The “obvious” solution is to release our code for a function
generate_benchmark such that
new_benchmark = generate_benchmark(original). The users may thus obtain
original themselves (provided that they agree with the terms under which it is distributed) and run our code on it. The
new_benchmark itself was never “distributed”, so we avoid the licensing complications.
But this candidate solution brings its own share of issues, including:
Additional burden on end-users, deterring them from using our benchmark. In particular, processing
generate_benchmark(original)may be expensive in terms of time/computing resources.

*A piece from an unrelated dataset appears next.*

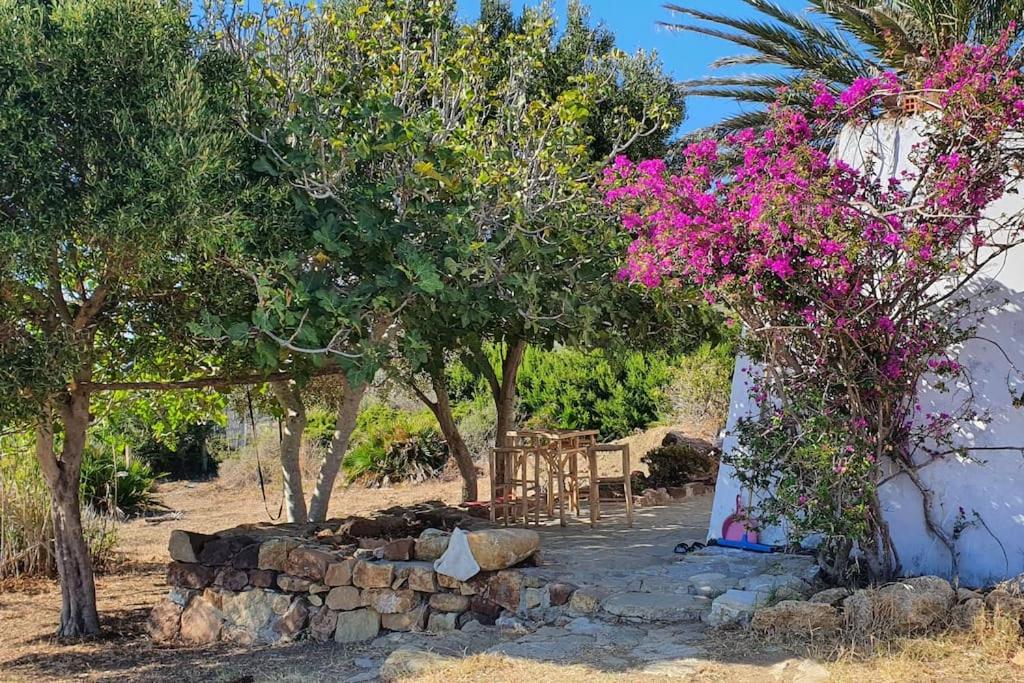 don't book here my listing isn't for rent, Tangier (updated prices 2024)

Nondeterministic behavior. Since the dataset we’re publishing is a benchmark, we wish for it to be identical for all users. This would require extra care in the handling of pseudo-random number generation and race conditions.

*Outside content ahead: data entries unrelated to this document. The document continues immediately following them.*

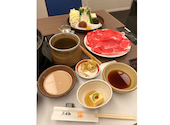 木曽路 堺店: ひろみさんの2024年11月01日の1枚目の投稿写真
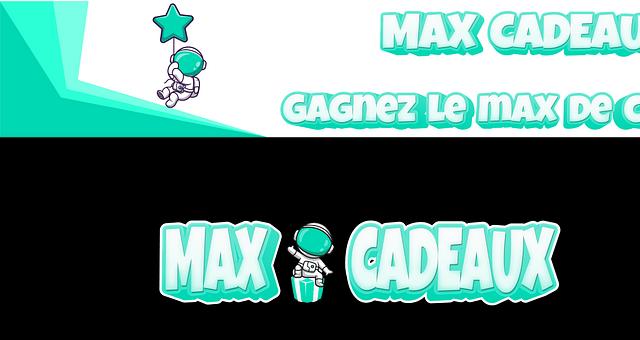 logo design and banner par Mhamad Ali El Hussein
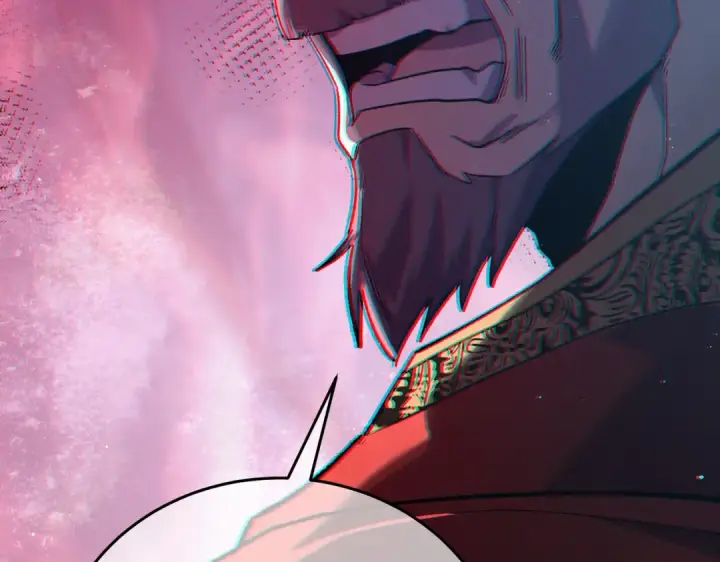 《我靠无敌被动打出成吨伤害！》第75话 S级拍卖品遭疯抢图34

Maintenance/compatibility nightmare. The previous point is partially addressed by checking hashes (e.g., SHA-256) of
new_benchmark’s samples, but what if some library we depend on makes a change that causes those hash checking to fail? Sure, we could host
generate_benchmarkin some Docker container, but this isn’t fully future-proof either, while adding extra burden on the end user (who only wishes to type
new_benchmark = datasets.load_dataset(new_benchmark_name)).
The other alternative I’m currently considering is to publish two artifacts: a
get_benchmark function and a
diff_like dataset. Neither of these artifacts (nor both together) convey “significant information” about
original, but a user with access to
original can obtain
new_benchmark = get_benchmark(original, diff_like). How valid this approach is legally could depend on what we mean by “significant information”.
To make this clearer, let me start with what I believe to be a clear-cut “legally fine” scenario. In this scenario,
new_benchmark is just a subset of
original with independent Gaussian noise added. Here each entry of
diff_like associates an index from a split of
original to a specific realization of Gaussian noise, and
get_benchmark simply builds
new_benchmark by adding the right noise to the right sample of
original. I believe that there are no legal issues here because
original is never involved in the creation of
Now let’s consider a slightly different scenario, one for which I’m not personally clear on the legal implications. Instead of adding independent Gaussian noise, we generate adversarial examples by adding a tiny perturbation to samples from
original (see, e.g., Attacking machine learning with adversarial examples ). Using the same strategy as before, we could store these perturbations in
diff_like where we previously stored Gaussian noise. However, unlike before, these perturbations are not independent from
original: close inspection could reveal some (glitchy/psychedelic) information about
But we could do better: whatever we wish to put in
diff_like, we could encrypt it using the corresponding
original samples as the encryption key. In that last scenario, I personally believe that this ought to be legally fine. But when the law is involved what ought to be may differ from what is…
Are there known precedents and/or established ways to achieve what I describe above? Again, I’m not expecting any legal advice, but I welcome any kind of input.